DATA SHOWN:
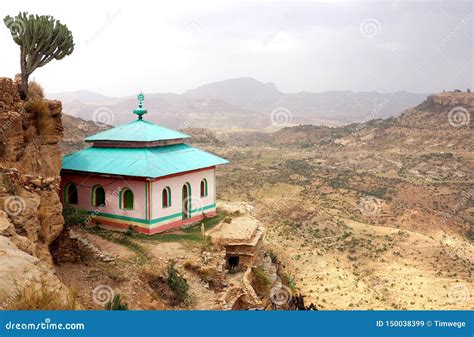 ¿Listo para una aventura espiritual en las montañas de Etiopía? ¡El Monasterio de Debre Damo te espera!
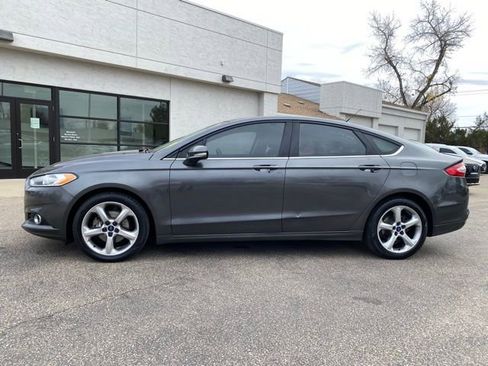 Used 2016 Ford Fusion SE image 2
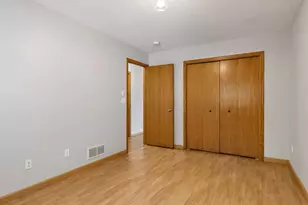 6111 45th St N, Oakdale, MN 55128 - Photo 19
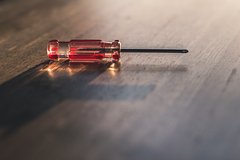 Мужчина 51 раз ударил отверткой игнорирующую его знаки внимания девушку: Происшествия: Из жизни: Lenta.ru0
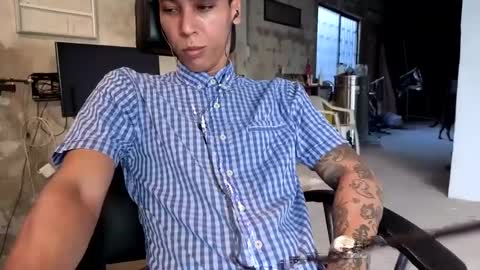 Snapshot of elchicletv chatting on September 17, 10:44 pm El CHICLE TV - SHOW online show from September 17, 10:44 pm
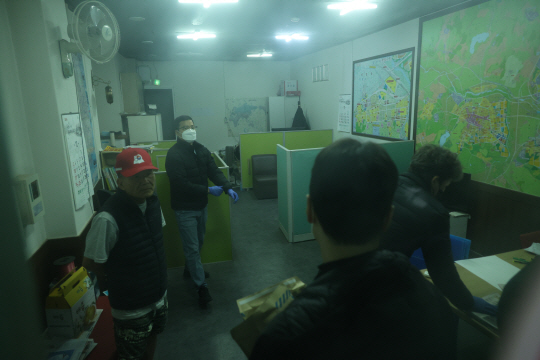 부산경찰청이 3일 오후 충남 아산시에 있는 이재명 더불어민주당 대표를 흉기로 찌른 피의자 김 모(67) 씨의 직장 사무소를 압수수색하고 있다. 연합뉴스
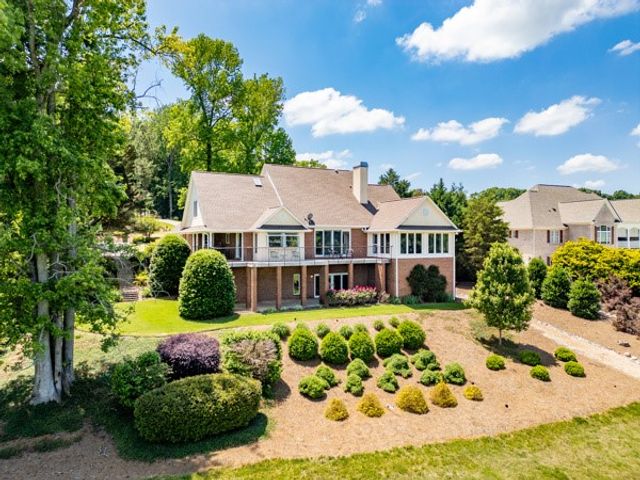 1906 Cross Creek Drive, Seneca, SC 29678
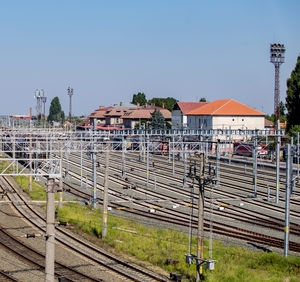 Alstom va furniza soluţii digitale de control al traficului şi lucrări integrate de infrastructură feroviară, între Braşov şi Sighişoara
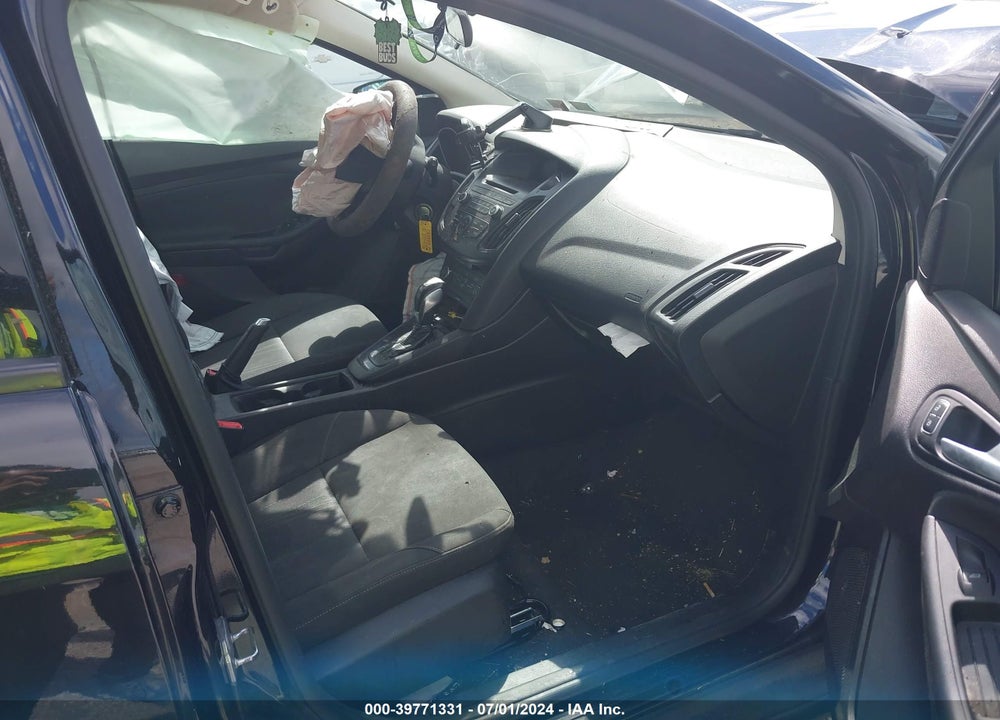 2015 FORD FOCUS SE VIN: 1FADP3K22FL235655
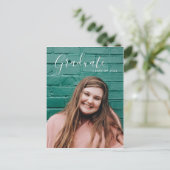 明るいモダンおもしろい編集可能な写真卒業 案内ポストカード (スタンド正面)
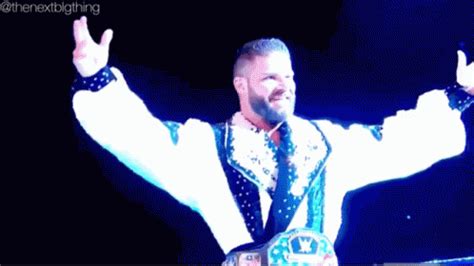 Bobby Roode Entrance GIF - Bobby Roode Entrance US Champion - Discover ...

ACTIVITY:
In the listing above, find the line containing "Snapshot of elchicletv" and the line containing "明るいモダンおもしろい編集可能な写真卒業 案内ポストカード (スタンド正面)", then output those two lines and everything between them exactly as written, without the images.

RESPONSE TO THIS TASK:
 Snapshot of elchicletv chatting on September 17, 10:44 pm El CHICLE TV - SHOW online show from September 17, 10:44 pm
 부산경찰청이 3일 오후 충남 아산시에 있는 이재명 더불어민주당 대표를 흉기로 찌른 피의자 김 모(67) 씨의 직장 사무소를 압수수색하고 있다. 연합뉴스
 1906 Cross Creek Drive, Seneca, SC 29678
 Alstom va furniza soluţii digitale de control al traficului şi lucrări integrate de infrastructură feroviară, între Braşov şi Sighişoara
 2015 FORD FOCUS SE VIN: 1FADP3K22FL235655
 明るいモダンおもしろい編集可能な写真卒業 案内ポストカード (スタンド正面)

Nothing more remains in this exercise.